Mis à jour le 19 nov. 2010
Christiane Desjardins LA PRESSE

 



Par ailleurs, une nouvelle accusation déposée contre lui, hier, laisse supposer qu'il aurait commencé à s'intéresser à la pornographie juvénile bien avant ce qui était allégué jusqu'à présent.

Cette nouvelle accusation a trait à de l'importation et de l'exportation de pornographie juvénile pendant une période de quatre ans, soit entre le 1er janvier 2004, et le 8 février 2008. Jusqu'à maintenant, les accusations concernaient une période d'un mois en 2008, et la possession de matériel pornographique le 4 février 2009. M. Harrisson avait été arrêté et accusé en mars 2009.

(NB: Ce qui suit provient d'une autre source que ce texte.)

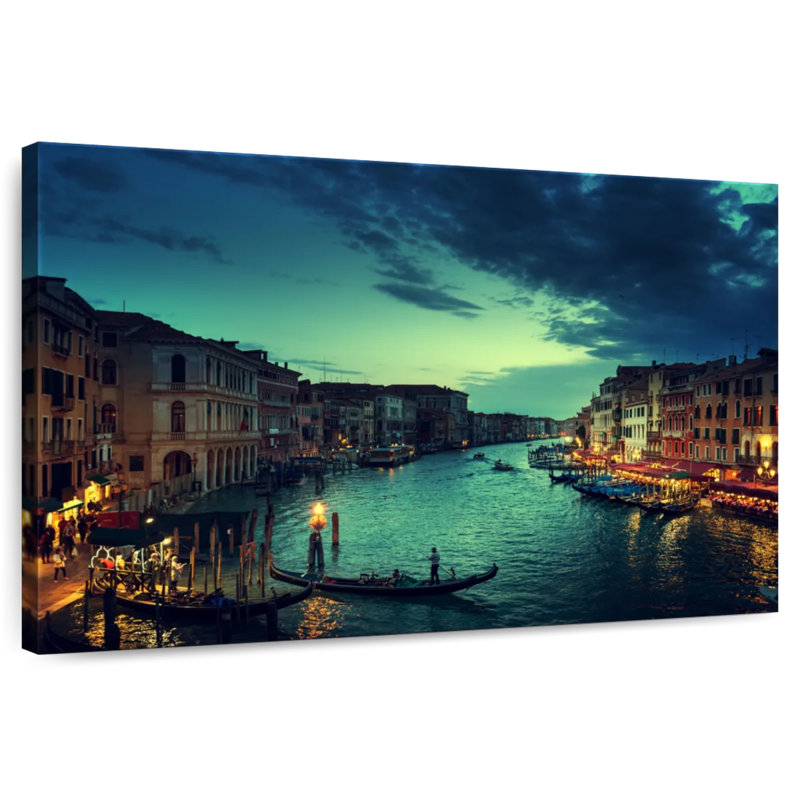 Nicci Grand Canal Twilight
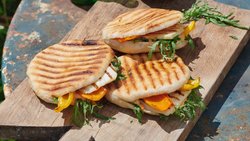 Ob als Tasche für Grillgemüse und Grillkäse, als Beilage zum Fleisch oder um damit Saucenreste aufzutunken: Pita-brötchen sind die Lösung für viele sommerliche Kulinarikfälle.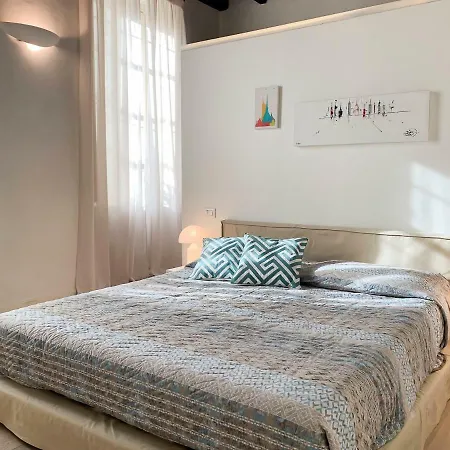 Luxrent Castello * Turin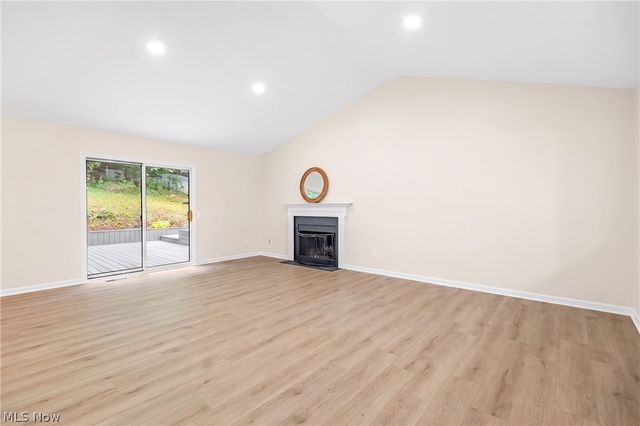 1216 Waldo Way, Twinsburg, OH 44087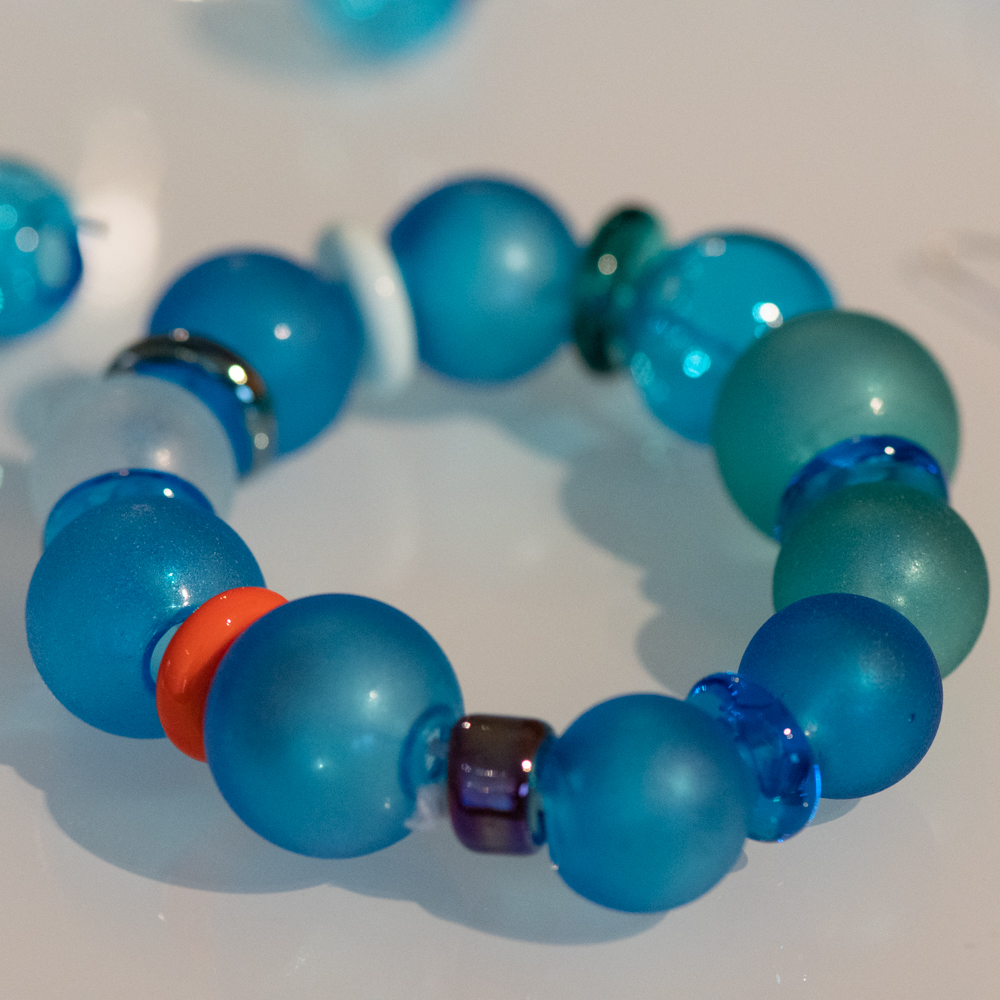 ARMBAND MED HANDBLÅSTA GLASBUBBLOR - 2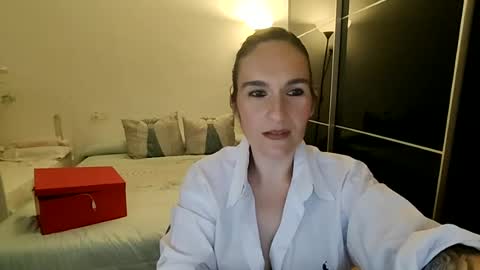 Snapshot of aurasensual69 chatting on June 15, 2026, 10:45 pm aurasensual69 online show from June 15, 2026, 10:45 pm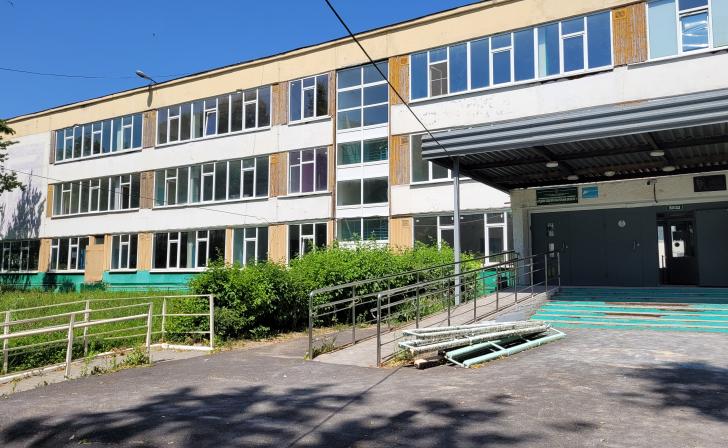 Ремонт фасада железногорской школы №7 пообещали профинансировать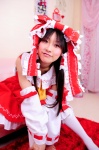 cosplay hairbow hakurei_reimu hanausagi_manyu jumper miko socks touhou rating:Safe score:0 user:LittleSweetLoli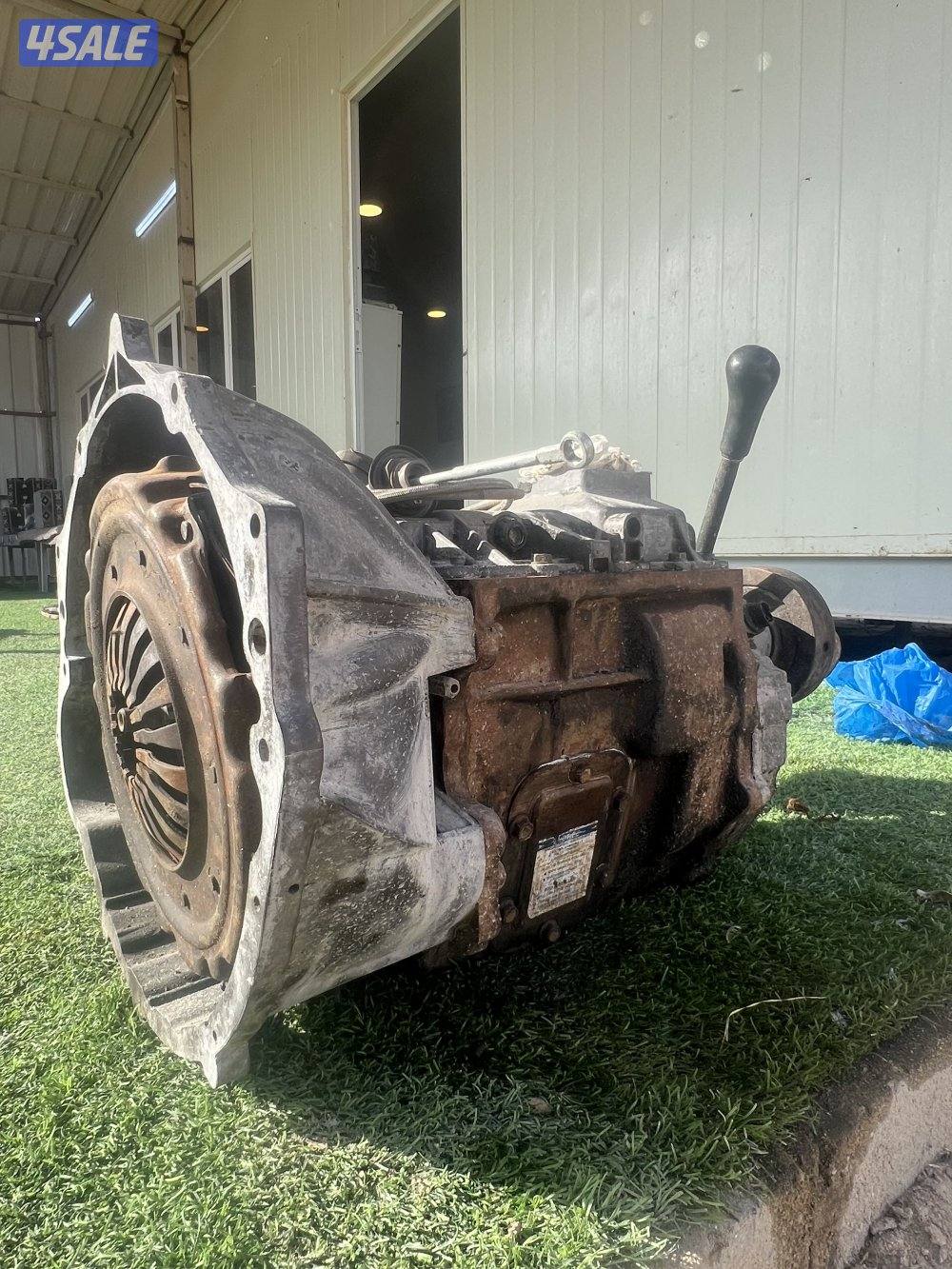 للبيع قير عادي تحويله كامله 5 غيار سنقل4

L'ancienne vedette de Vrak-TV, qui a fêté ses 36 ans récemment, a changé d'avocat à deux reprises depuis le début du processus judiciaire. Il a d'abord été représenté par Me Claude F. Archambault, puis Me Marc Alain. Ce dernier a demandé la permission de se retirer du dossier le 18 octobre dernier, parce que son client et lui ne s'entendaient plus. La permission avait été accordée. Questionné au sujet de ses recherches pour trouver un autre avocat, M. Harrisson avait alors répondu qu'il attendait des réponses. Il devait être présent devant le tribunal, hier, mais il brillait par son absence. Des policiers se sont rendus à son domicile, mais ils n'y ont trouvé personne.